The role of the infectious disease physician in abdominal wall repair using prosthetic material after clean-contaminated surgery

Daniel Ion 1,, Răzvan Vasile Stoian 1, Simona Elena Albu 1, Alexandra Bolocan 1, Dan Nicolae Păduraru 1
PMCID: PMC4240725

Background

Use of antibiotic prophylaxis when prosthetic implants are present at the abdominal wall was a controversial decision. It is a delicate matter since parietal prosthetics frequently associate surgical visceral interventions (cholecystectomy, appendectomy, enterectomy/enterorrhaphy, and colectomy).

Methods

This study was carried out in the Surgery and Emergency Clinic III of the University Emergency Hospital Bucharest.

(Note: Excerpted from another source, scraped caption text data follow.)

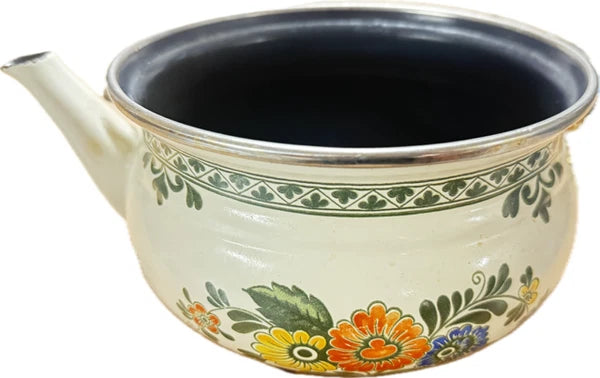 ASTA Germany Enamel Tea Kettle Teapot Floral with Lid; "PARTS", DECORATION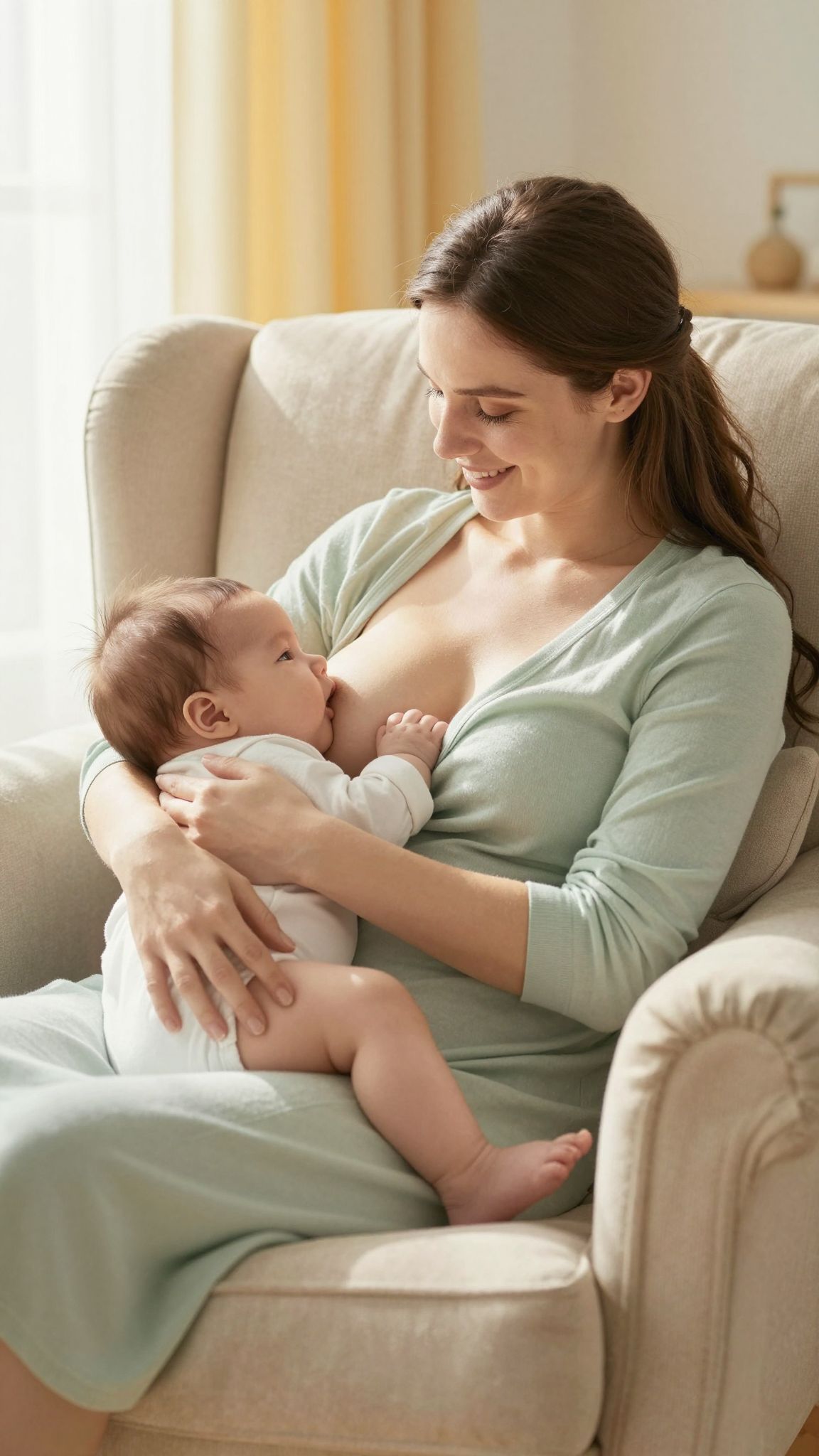 A hátradőlt testhelyzet segíti a szoptatás kényelmét.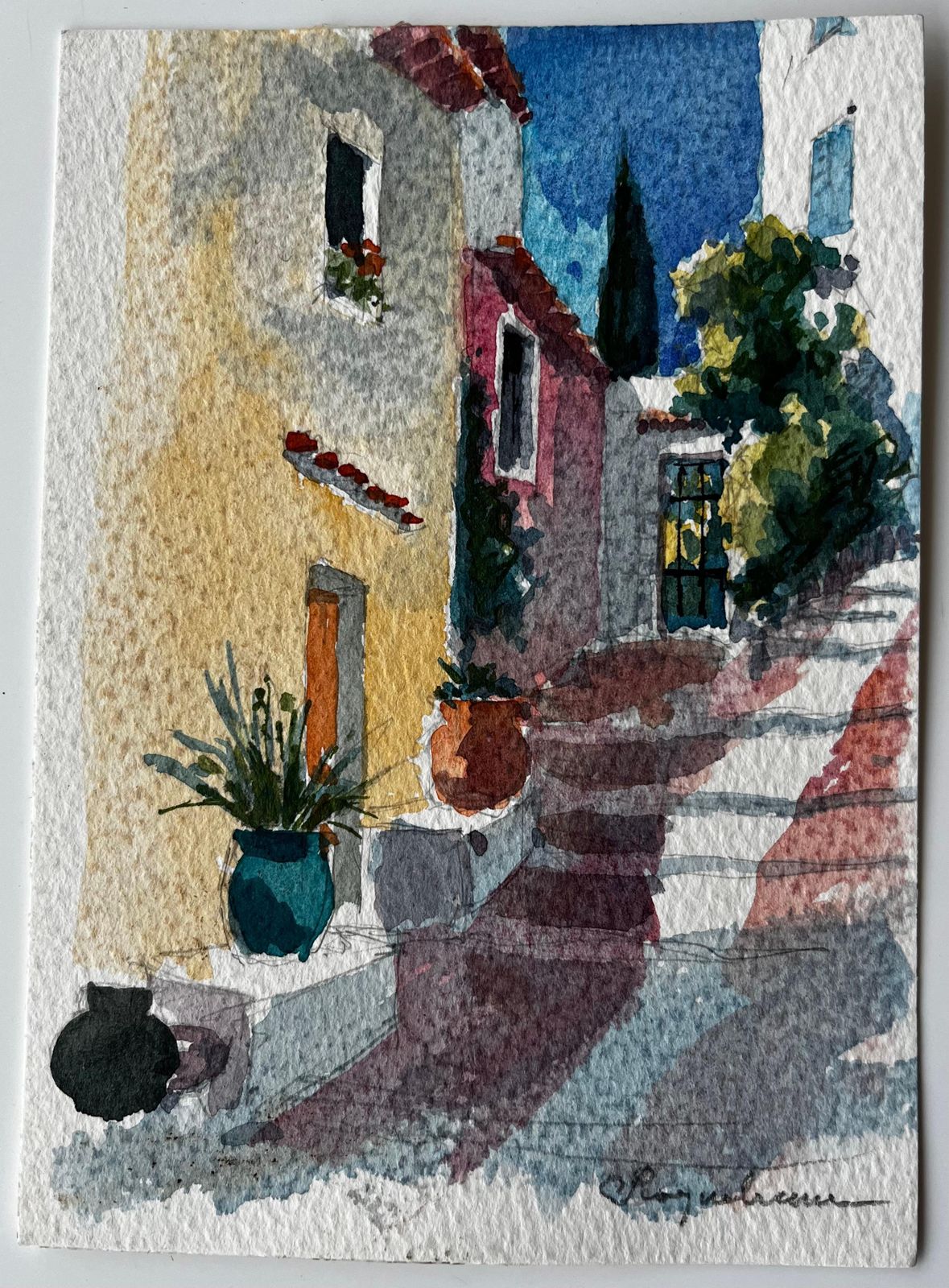 Pierre Neveusunlit Street With Terracotta Pots And Steps In Roquemaure French Village photo furniture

It is based on a 5 year experience (2010-2014), retrospective evaluation on 224 incision hernias resolved with prosthetic material, of which 216 in a clean environment and 28 in a clean-contaminated environment. For all the cases the antibiotic prophylaxis management was decided by a mixed team: general surgeon and infectious disease physician.

Results

Results plead for the rational and selective use of antibiotics for the patients that require prosthetic material and draw attention to the extremely favorable results of the collaboration between different specialty physicians.

Conclusion

Even though the initial dogma was that all alloplastic grafts need “protection” provided by the antibiotics, recent approaches tend to be more selective and permissive.